Your goal →
Type out each record word for word. Pictures stay out.

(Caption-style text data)
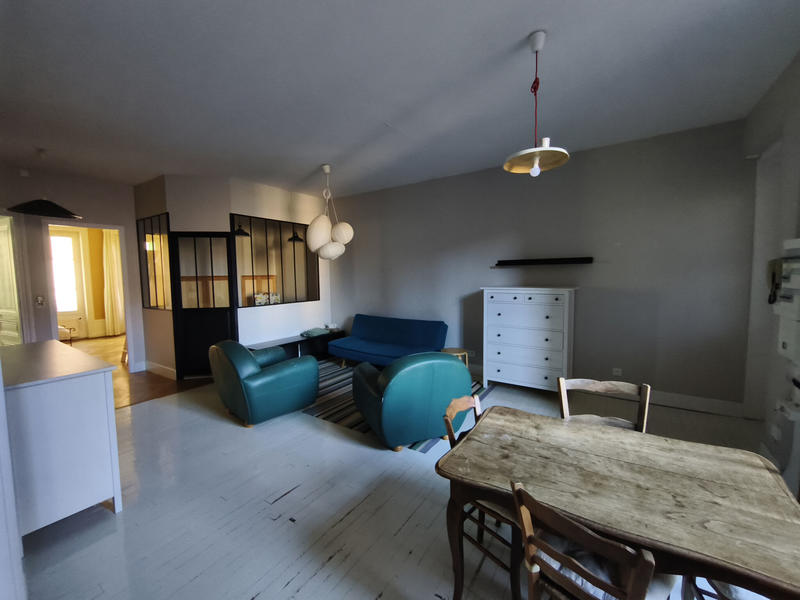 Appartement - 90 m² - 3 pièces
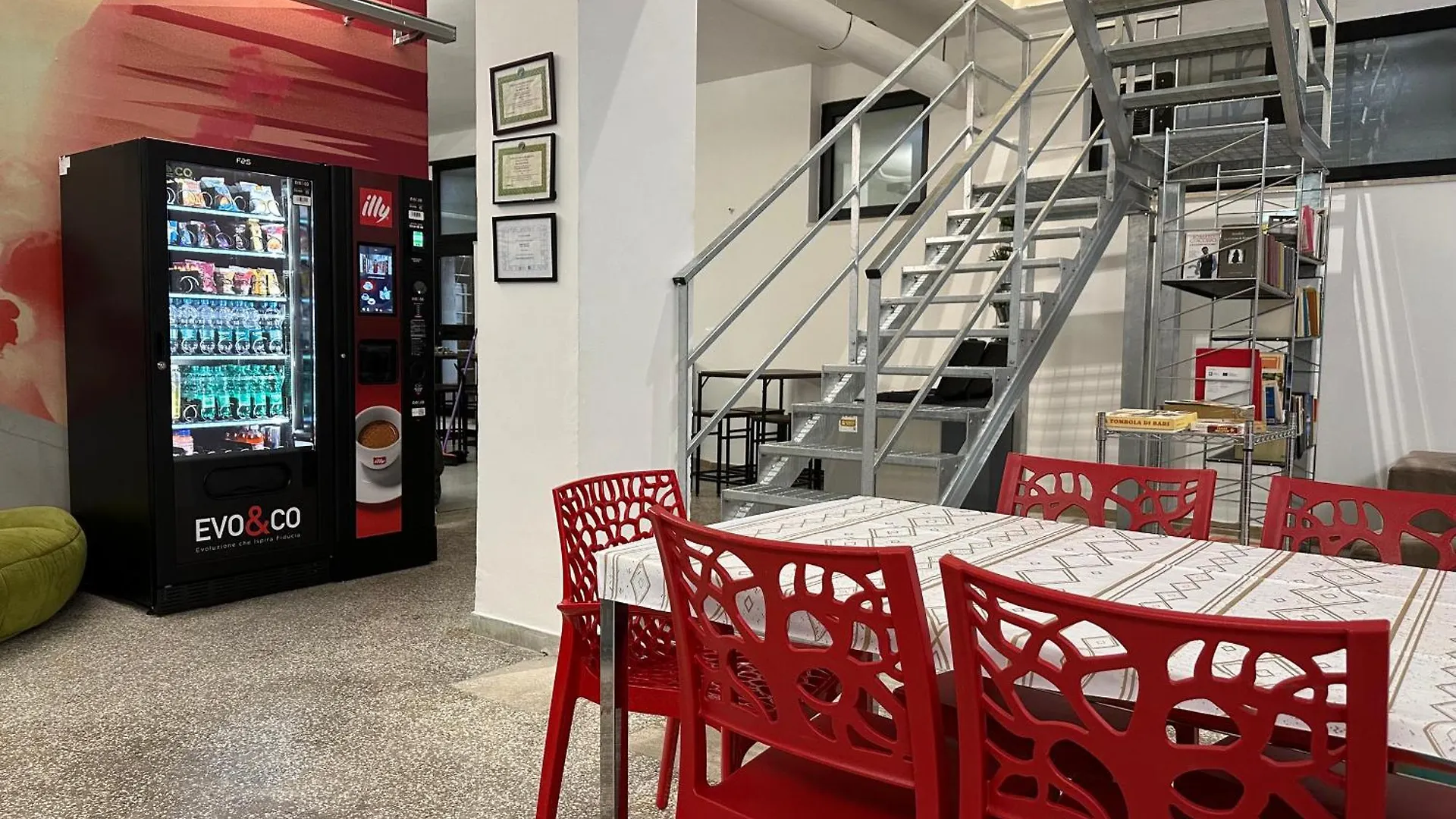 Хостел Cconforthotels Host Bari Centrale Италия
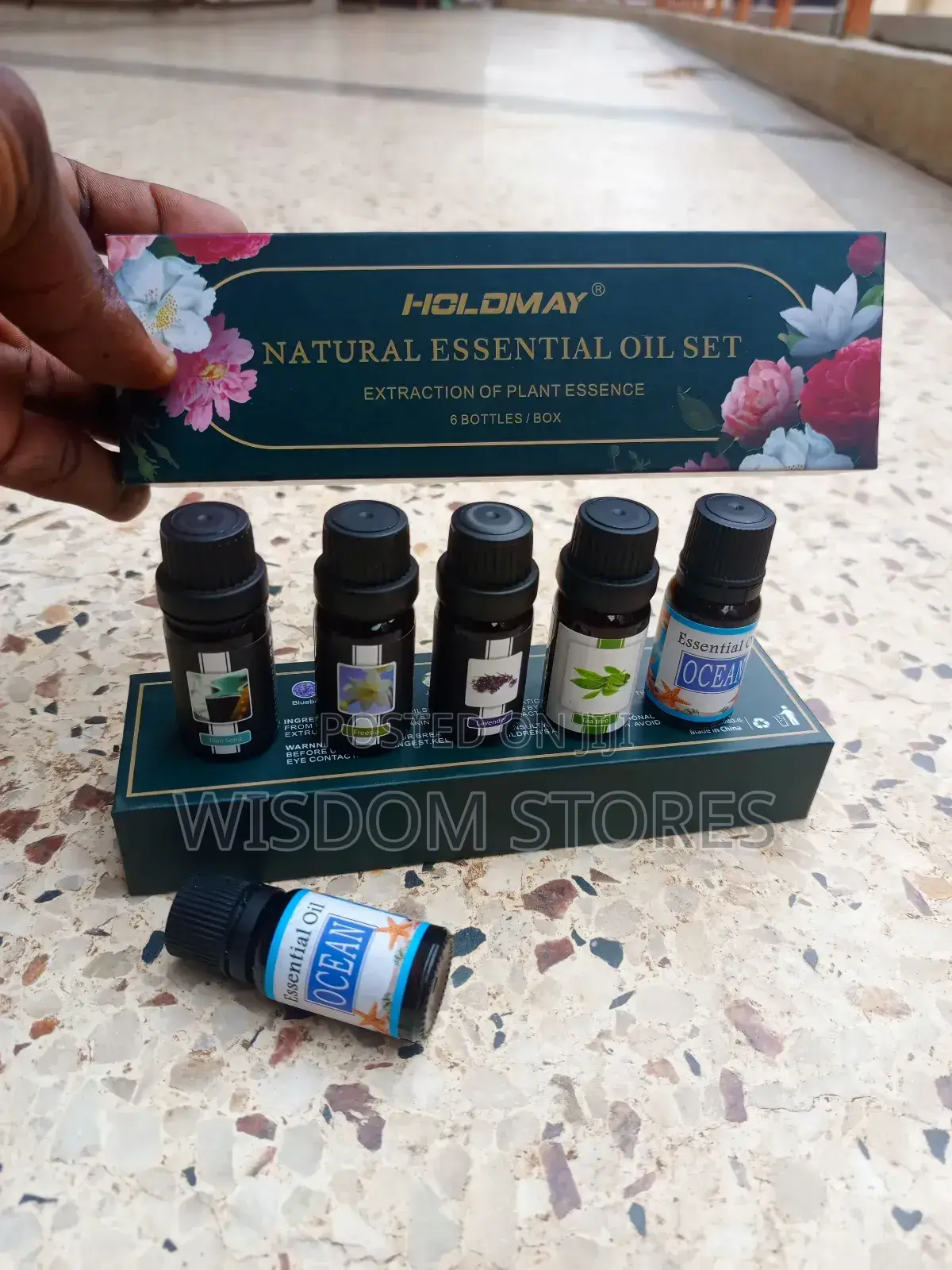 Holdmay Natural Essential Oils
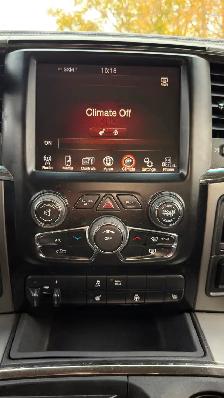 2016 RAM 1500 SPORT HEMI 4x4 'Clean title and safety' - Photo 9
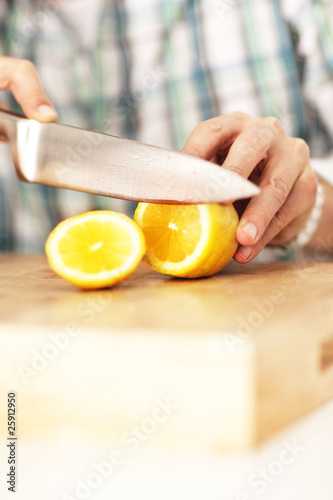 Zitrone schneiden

Task answer →
 Appartement - 90 m² - 3 pièces
 Хостел Cconforthotels Host Bari Centrale Италия
 Holdmay Natural Essential Oils
 2016 RAM 1500 SPORT HEMI 4x4 'Clean title and safety' - Photo 9
 Zitrone schneiden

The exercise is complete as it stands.